“Timely and thought-provoking, The Right to Difference will interest scholars and lay readers alike. Ambitious in scope, the book offers a broad survey of French universalism’s multifaceted attitude toward the Jews since the eighteenth century. Just as importantly, it represents a much needed intervention in public discussions about the ambiguous legacy of the French Revolution, the politics of laïcité, and debates over the assimilation of religious minorities in France today. At a time when France’s Jews are in the news more than ever before, Samuels offers illuminating new ways of thinking about their position, and, through that analysis, about the politics of difference in modern France.”
— Lisa Moses Leff, author of The Archive Thief: The Man Who Salvaged French Jewish History in the Wake of the Holocaust
“Samuels presents a highly nuanced and sophisticated analysis of French universalism through the exploration of its various historical iterations as it has engaged with the Jews of France since the French Revolution. This superb study is a major contribution to the scholarship on the themes of assimilation, acculturation and minority distinctiveness, and diversity that continue to be vexed problems in France to this day.”
— Aron Rodrigue, author of Jews and Muslims: Images of Sephardi and Eastern Jewries in Modern Times
“Particularism and Universalism: ever since St. Paul, the Jews have served as a stage upon which to act out the tension between these two ideals. That tension did not diminish with revolution, democracy, modernity, or secularization, nor did figures of Judaism lose their utility in these revolutions. Today Zionism and Israel continue to play a special role in fervent debates about the relationship between claims of universal justice and those of particularist, often minoritarian identities. The Right to Difference is a clear and critical guide through this history and these debates, a guide all of us who live in this age of increasingly passionate convictions should be grateful for.”
— David Nirenberg, author of Neighboring Faiths: Christianity, Islam, and Judaism in the Middle Ages and Today
“A noted literary critic, Samuels tells his story through a series of largely literary case studies, tracing competing literary representations of Jews from the 18th century to the present. As these case studies reveal, even supposedly philo-Semitic French advocates of Jewish integration and equality have often sounded suspiciously like dyed-in-the-wool anti-Semites.”
— David Bell, The Nation
"elegant...deftly written book."
— Jeffrey Mehlman, Antisemitism Studies
"The Right to Difference is a timely and compelling study that urges us to rethink some rather widely held perceptions about universalism, secularism [laïcité], the French state, and modern European society in relation to religious minorities and ethnic communities. Maurice Samuels combines insightful and sometimes surprising reexaminations of historical sources with sharp analyses."

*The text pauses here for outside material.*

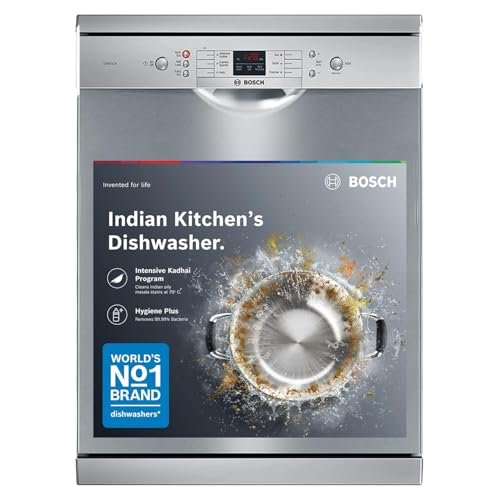 Bosch 13 Place Setting (fits up to 70 utensils) Free-Standing Dishwasher for Indian Utensils | Hygiene+ & Intensive Kadhai Program (SMS66GI01I, Inbuilt Heater, Removes 99.9% Germs, Silver Inox)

— Jonathan Skolnik, University of Massachusetts Amherst
"The Right to Difference is a useful and clairvoyant book full of rigorously researched evidence that allows us to better grasp our relationship to universalism. From the years leading up to the Revolution to the rigid universalism of Finkelkraut and the universalism that Badiou calls an instrument of exclusion, Maurice Samuels charts a nuanced path that never seeks to reach a definitive, prescriptive conclusion. Because undertaking this archeology of universalism is not an attempt to establish a philosophy of history, a typology, or a user’s guide, but rather to establish a global frame of reference that might even provide keys to understanding the present.”
— Nonfiction (France)
"This book’s most valuable contribution is its inclusion of moments of both failure and success in France’s universalist history and its focus on both 'high' and 'popular' culture, reminding the reader that ideologies permeate every aspect of society."
— French Review
"The Right to Difference is a beautifully written, accessible book that is suitable for undergraduate teaching, while offering fruitful opportunities for engagement by specialists. . . .Samuels’s argument unfolds in seven chapters in which he engages with current scholarship in Jewish studies and French history in textual readings that challenge long-settled scholarly consensus. His careful analyses elucidate the ways universalism has been understood since the eighteenth century to 'offer new possibilities for thinking through France’s current social and political dilemmas—and perhaps some American ones as well'. . . . The Right to Difference persuasively demonstrates that the current political understanding of republican universalism is not the only version available for the French body politic."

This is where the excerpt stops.